Soweit, so unspektakulär. Ähnliche und vergleichbare Plots fanden sich zur der Zeit von Rossini zuhauf. Die wahren Stars des Abends sind mit der Inszenierung und der Musik leicht auszumachen. Zu Beginn des Stücks betrat der Harem von Mustafa die Bühne, die dem Foyer des Festspielhauses in Erl zum Verwechseln ähnlich sah. Wir befanden uns also im Hier und Jetzt. Ein dezenter Hinweis darauf, dass das Stück mit uns im Heute etwas zu tun hat und quasi überzeitlich ist. Statt orientalischen Spezialitäten und Waren hatten die Harems-Damen Einkaufstaschen mit Prada-Logo vorzuführen.

In einer Szene wähnte man die "Hauptfrau" Elvira, brillant gesungen von Bianca Tognocchi, in einem Club. Der Tanz erinnerte weniger an Schleiertänze, sondern an eine selbstbewusste Frau in der Gegenwart, die weiß was sie will und dies auch tänzerisch zum Ausdruck bringen kann. Viel Nebel und gezielter Scheinwerfereinsatz transzendierten den im Stück ursprünglich gemeinten Ort.

Ganz grundsätzlich waren es die Frauen, die in diesem Stück an diesem Abend die Hosen anhatten. Vor allem Isabella, großartig gesungen und gespielt von Aurora Faggioli, wusste um die Wirkung ihrer weiblichen Reize. Selbst in den Augenblicken, in denen sie Mustafa eigentlich schutzlos ausgeliefert war, behielt sie die Oberhand. Sie spielte mit ihm. Später, als eine der Frauen des Hauses, hatte sie die Zügel und die Peitsche selbst in der Hand. Sie trieb in der Erler Inszenierung den vor Liebe entbrannten und bisher mächtigen Frauenbezwinger konsequent mit ihren Komplizen in die groteske Zeremonie zur Ernennung zum "Pappataci" und damit über die Grenzen der Vernunft.

Am Ende, durch und durch italienisiert, schien Mustafa seinen Verstand verloren zu haben.

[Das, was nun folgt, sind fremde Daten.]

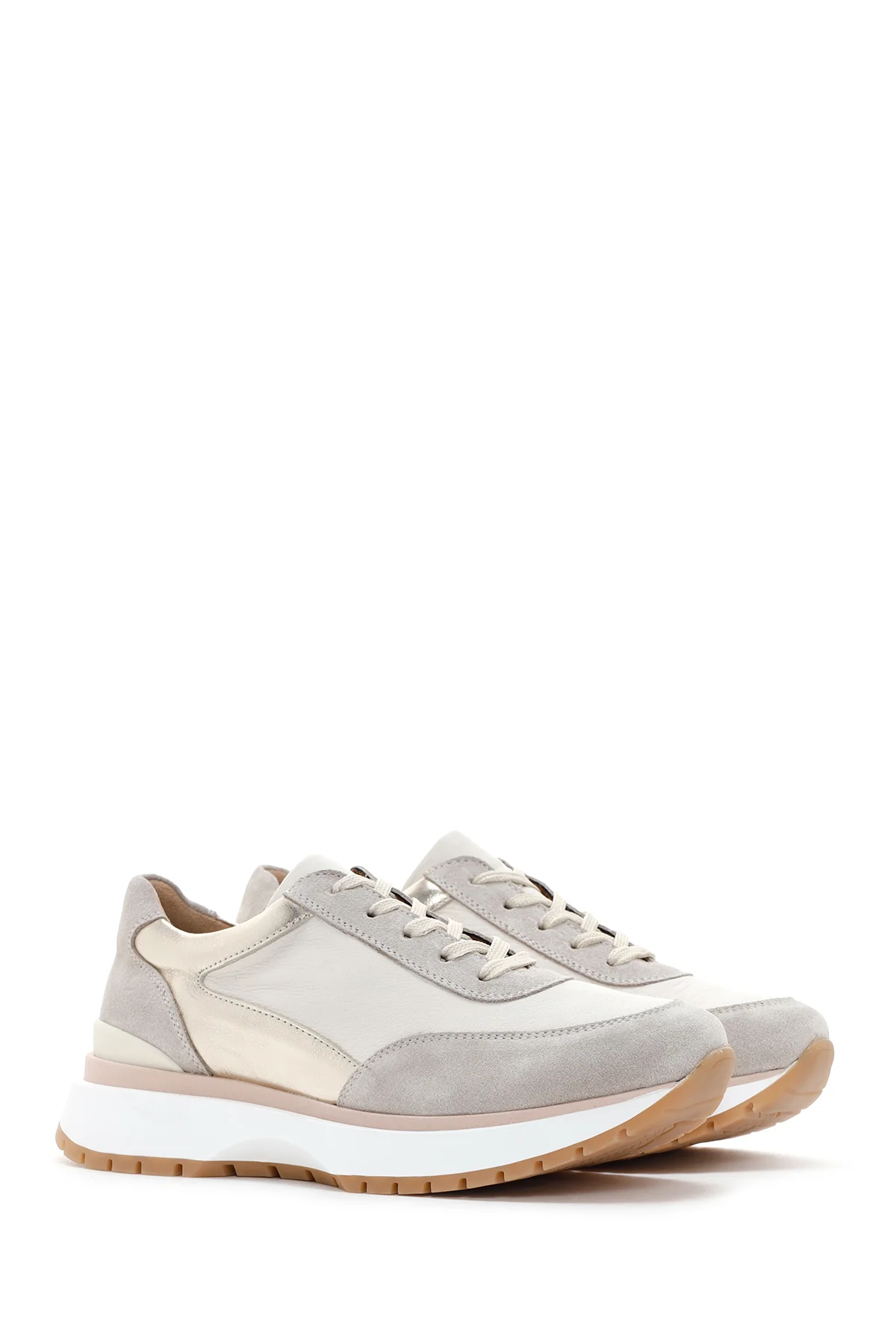 Kadın Bej Deri Süet Detaylı Sneaker - Image 4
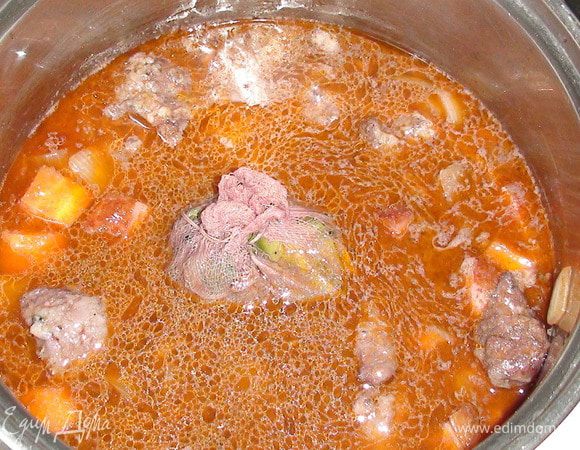 Когда всё обжарилось, кладём обратно мясо, саше, заливаем вином из маринада, добавляем бульон и коньяк, доводим до кипения и ставим в разогретую духовку на 2,5-3 часа.........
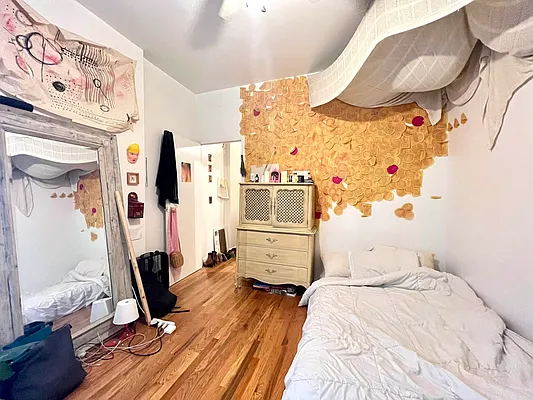 Rented by Nolita Group | media 10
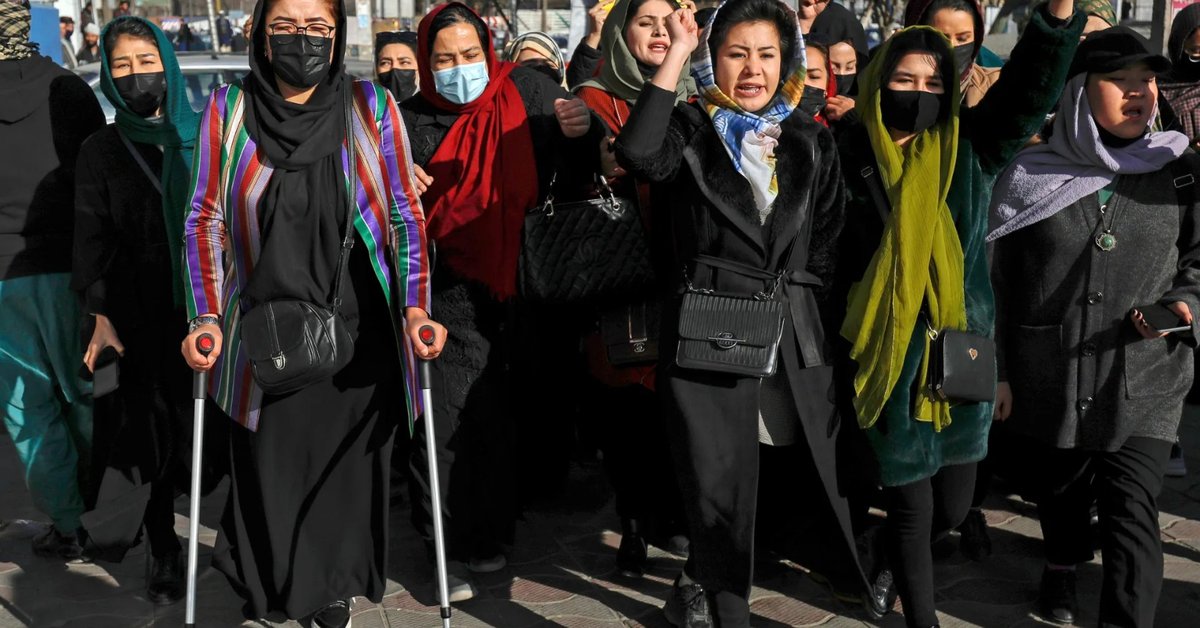 د طالبانو اړوند ورځپاڼه؛ وروستۍ زمانه ده، ځکه پر ښځو ظلم کېږي او حقوق یې نه مراعاتېږي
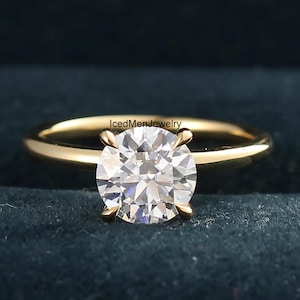 3 CT Round Moissanite Engagement Ring Round Cut Solitaire Engagement Ring 14K Yellow Gold Diamond Wedding Ring for Women Anniversary Gifts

Zum Schluss kam er dennoch zur Vernunft und Alltag kehrte ein. Die wilde Italienerin konnte nicht gebändigt werden. Die Rückkehr zu Elvira ist auch eine Rückkehr zur Normalität und zum Alltag. Immerhin hatte Mustafa aber vom Wahnsinn genascht und hatte sich ganz dem Irrsinn der nicht nur lodernden, sondern entflammten Liebe hingegeben. Der rahmenlose Wahnsinn kehrte somit zum Schluss in den gewohnten Rahmen zurück.

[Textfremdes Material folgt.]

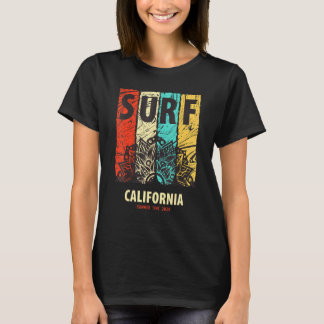 T-shirt Surfer sur la côte californienne en été sur les va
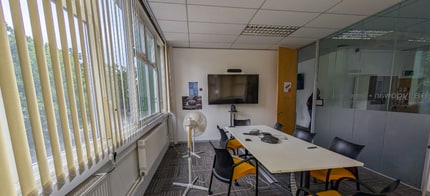 1 Drayton Rd, Solihull to rent Interior Photo- Image 2 of 4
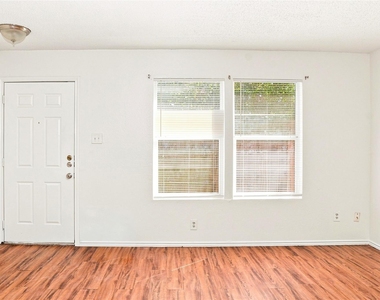 6906 Deep Cir - Photo Thumbnail 1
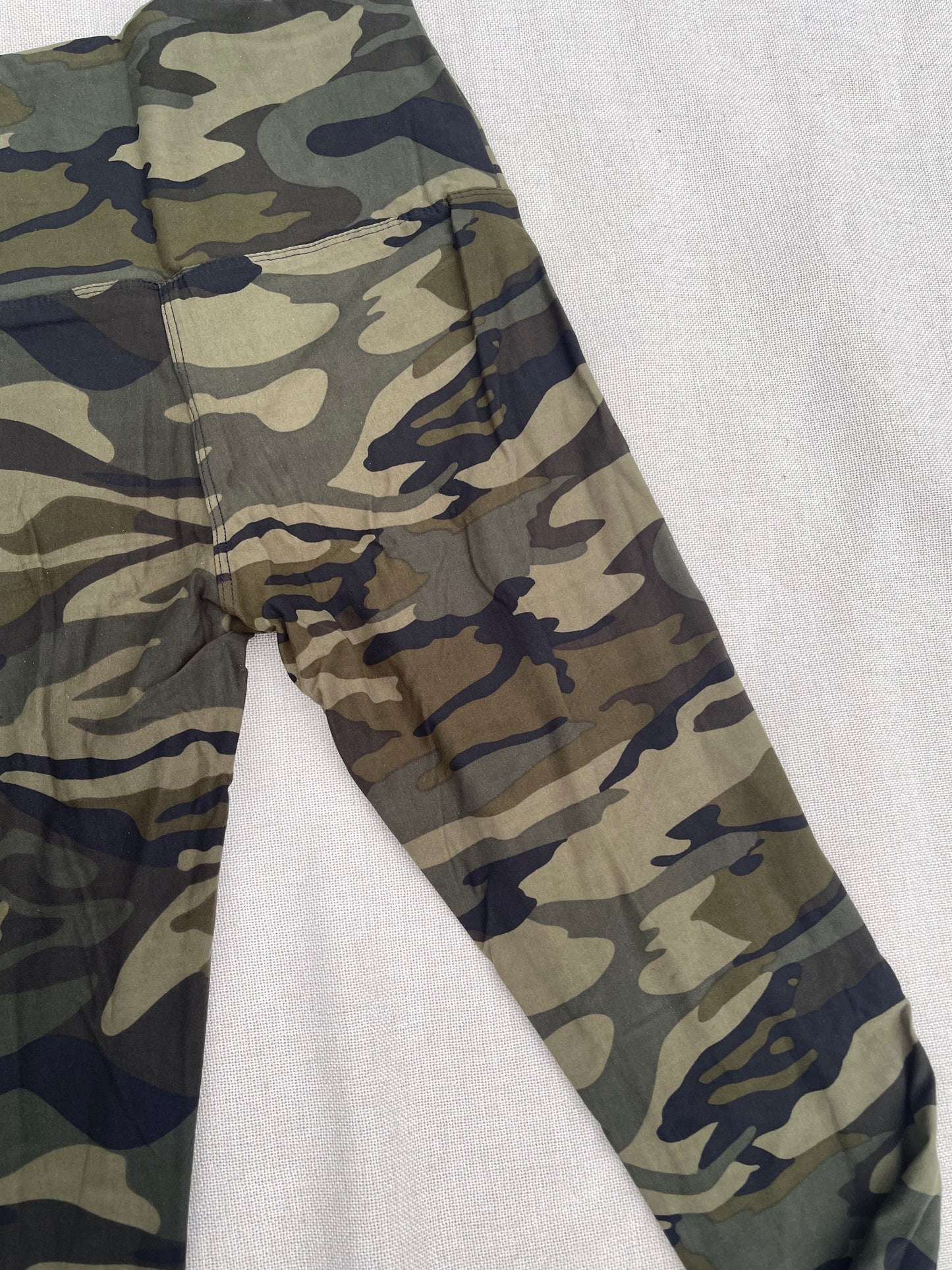 Camo leggings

Genau das wurde auch auf der Musikebene gespiegelt. Die Musik von Rossini ist auf Du und Du mit dem Wahnsinn und dem Irrsinn. Sie scheut aber auch davor nicht zurück, höchst melodisch, eingängig und zugänglich zu sein. Sie ist geschickter Innenwelt-Ausleuchter der Figuren und überzeugender Wahnsinns-Darsteller. Insgesamt ist das Musik, die der starken Hand von Gustav Kuhn sehr entgegen kam. Höchst kontrolliert und mit einer Vorliebe zur Exaktheit gelang es dem Künstlerischen Leiter der Festspiele, den Zuhörer dazu zu überreden, sich kopfüber in den unkontrollierten Irrsinn des Stückes zu stürzen.

Der Applaus nach der Aufführung war wohlwollend mit einzelnen Jubelbekundungen. Womöglich entsprach die Inszenierung aber nicht jedermanns Geschmack. Überschwängliche Euphorie-Anfälle und Bravo-Rufe blieben aus. Es war aber zweifellos ein außergewöhnlicher Opern-Abend. Wer viel wagt, der kann auch viel gewinnen. Das war hier aus künstlerischer Sicht der Fall.